**REQUIRED ACTION**
From the line that contains "Hatching Pleats vest Black Size" to the last line of the data below, transcribe every line exactly. Do not include the pictures.

**DATA PROVIDED**
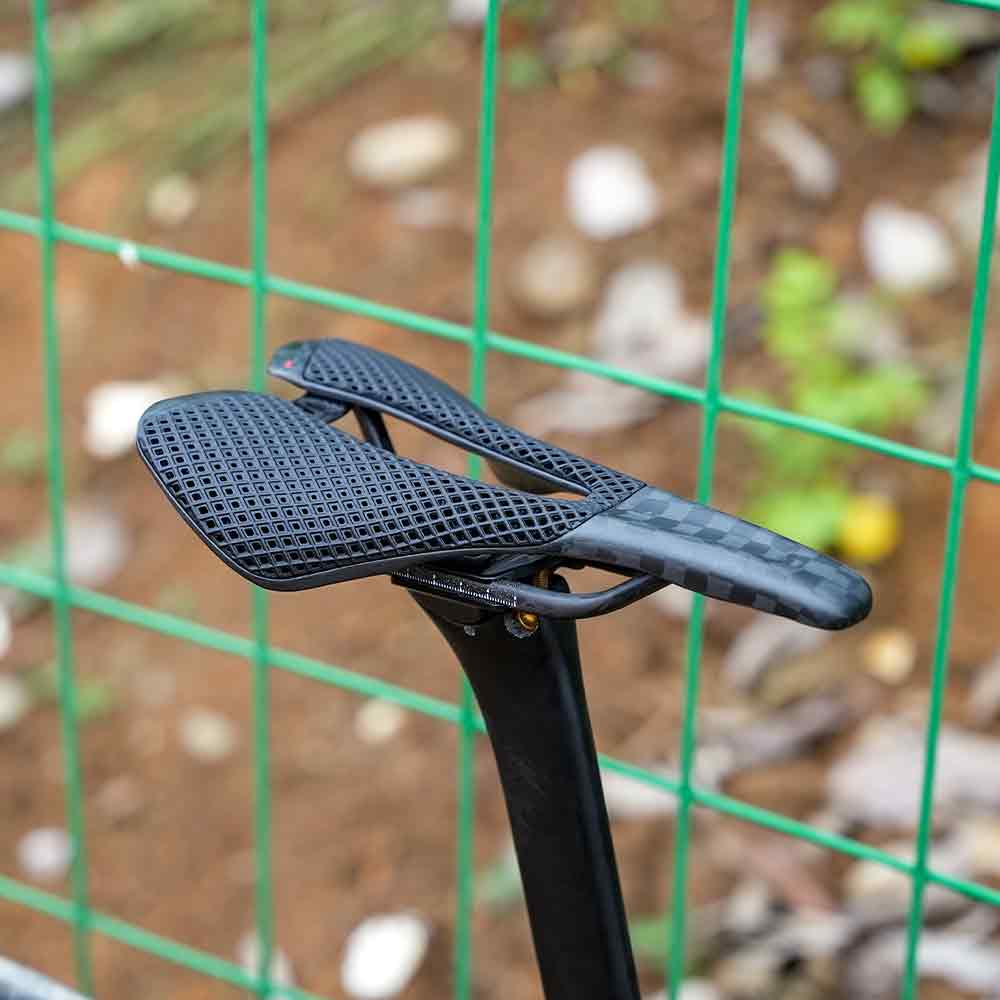 ONIRII FIVE 3D-Printed Saddle Carbon Base Rail High-Resilience Breathable Professional Saddle for Road Folding Mountain Bikes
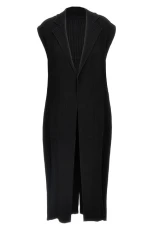 Hatching Pleats vest Black Size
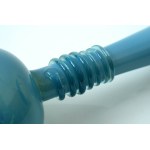 Glass braided vase - KIS - Blue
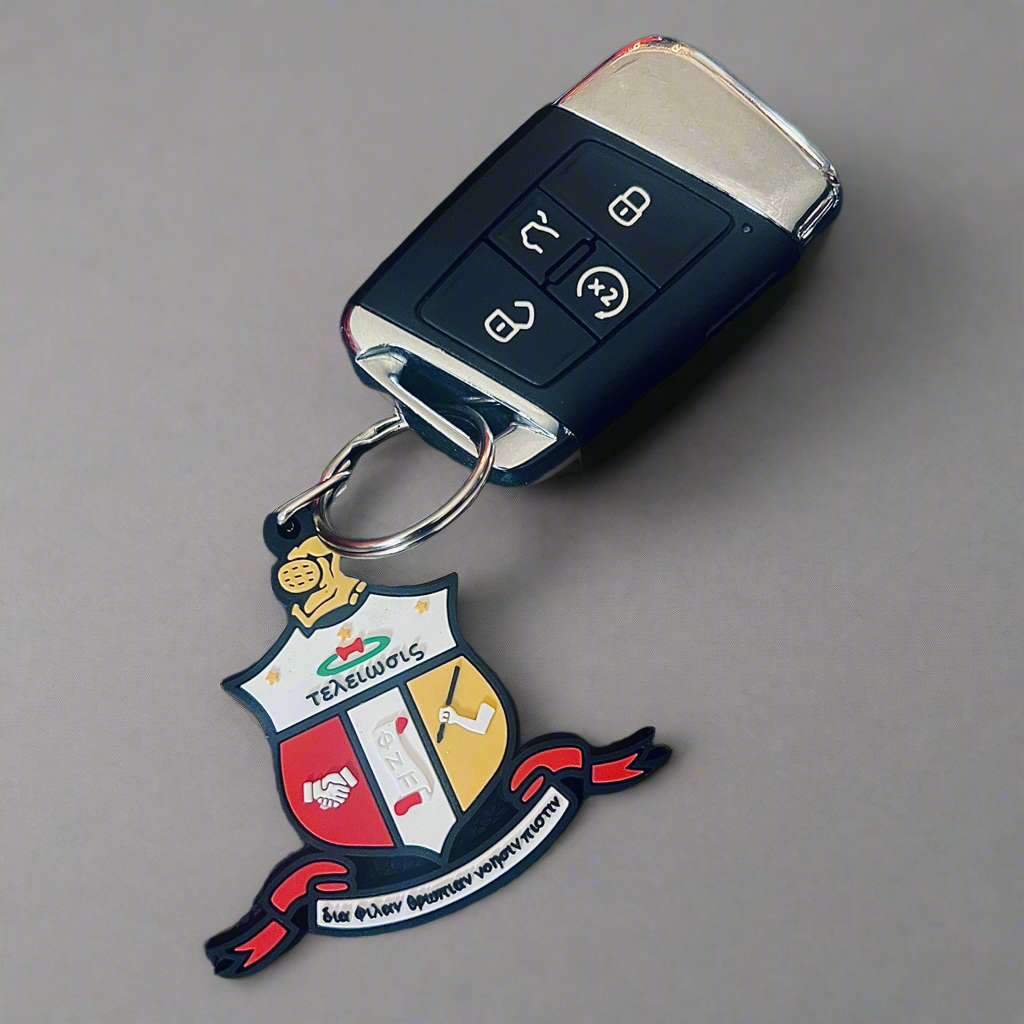 This Kappa Alpha Psi Shield Key Chain is a must-have for any fraternity enthusiast. The intricate design and attention to detail make this key chain a true work of art.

**RESULT OF THE TASK**
 Hatching Pleats vest Black Size
 Glass braided vase - KIS - Blue
 This Kappa Alpha Psi Shield Key Chain is a must-have for any fraternity enthusiast. The intricate design and attention to detail make this key chain a true work of art.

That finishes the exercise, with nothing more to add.